People typically head to Chicago parks to go for a walk or a jog, play sports or otherwise unwind.
Now, they can also pick up their latest goods from Amazon.
The e-commerce giant recently began installing lockers in Chicago parks, and says the lockers are a benefit to the community.
In a statement to WTTW News, an Amazon spokesperson said:
“We have been working closely with the Chicago Park District since 2020 to add Amazon Lockers following requests from the District for this added benefit for the community. The focus of our partnership has been to provide park patrons and community members with access to a secure and convenient delivery option.”
But that so-called convenience has proven controversial.
Juanita Irizarry, executive director of Friends of the Parks, says her organization has experienced an “unusual, extremely high volume” of inquiries from people expressing concerns about how they can get involved in the fight against Amazon lockers in parks.
“You go to the park for recreational activities,” Irizarry said. “Escape from the mundane day-to-day, to look at trees and the lakefront.

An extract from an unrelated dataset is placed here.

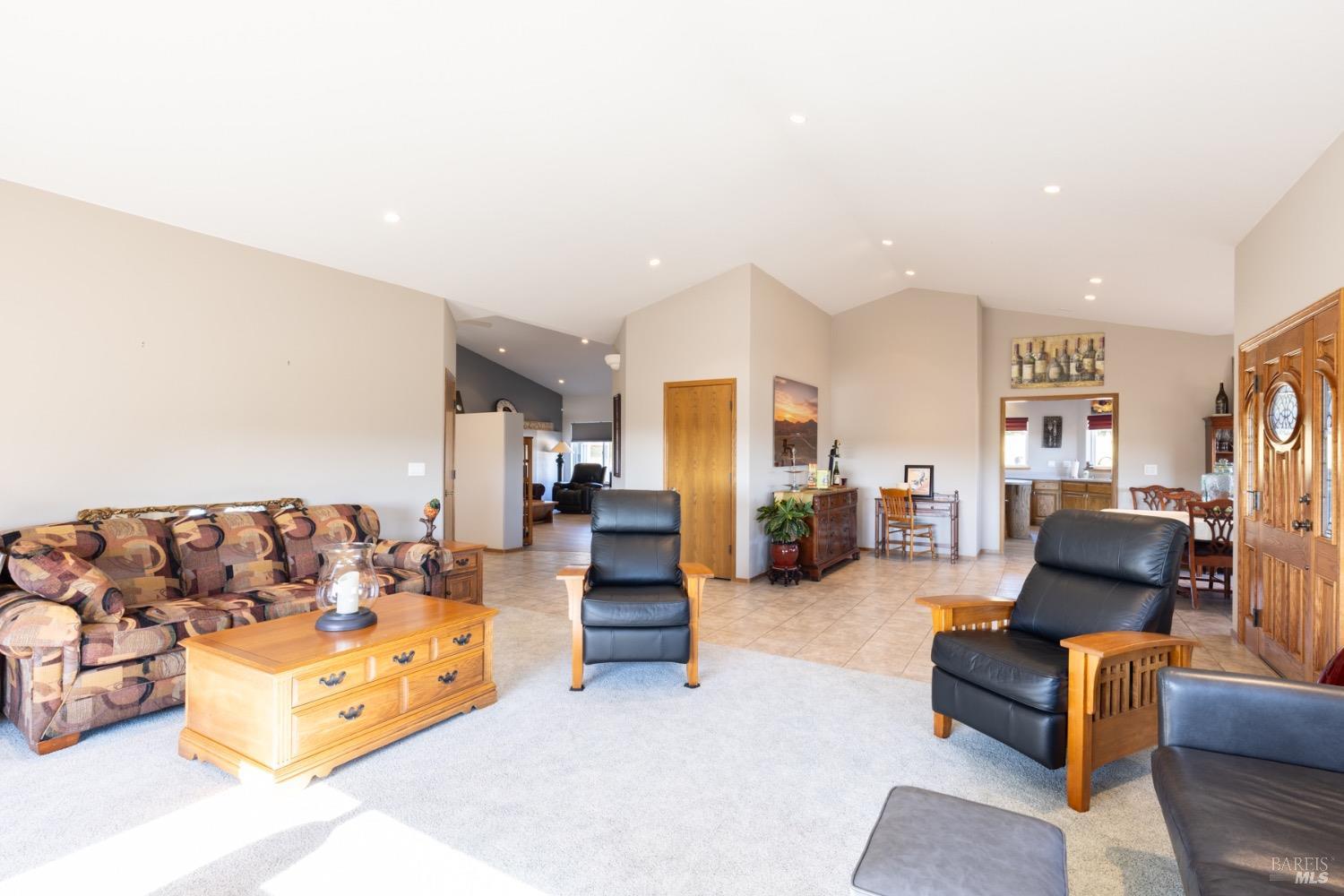 5933 Haire Lane Napa CA 94559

Not to do commerce or look at lockers. It’s an assault on the physical and mental health of Chicagoans.”
The plan for these Amazon hubs is to be in about 100 locations; the Chicago Park District says 46 have so far been installed, and four have been removed by Amazon amid community reaction.
In a statement last week, the park district highlighted five supporters of the lockers.
One supporter is Ald. Patrick Thompson (11th Ward), who said, “I commend the Park District for trying to creatively generate new revenue for our parks. Not only do the Amazon Lockers provide a benefit for our neighbors who utilize the lockers, it also generates revenue that goes directly into funding park programs for our children.”
Irizarry believes public pressure needs to continue.
“Beyond the specific question around Amazon lockers, this is a good opportunity for Chicagoans who have been mobilized by this to keep asking the question of commercialization around Chicago,” Irizarry said. “A lot of people find it useful or convenient, but that doesn’t mean the park is the right place for them.”
Note: “Chicago Tonight” invited a representative from the Chicago Park District to join this conversation, but they were unavailable. We also reached out to a couple of City Council members who support the lockers in Chicago parks, but they also declined our invitation.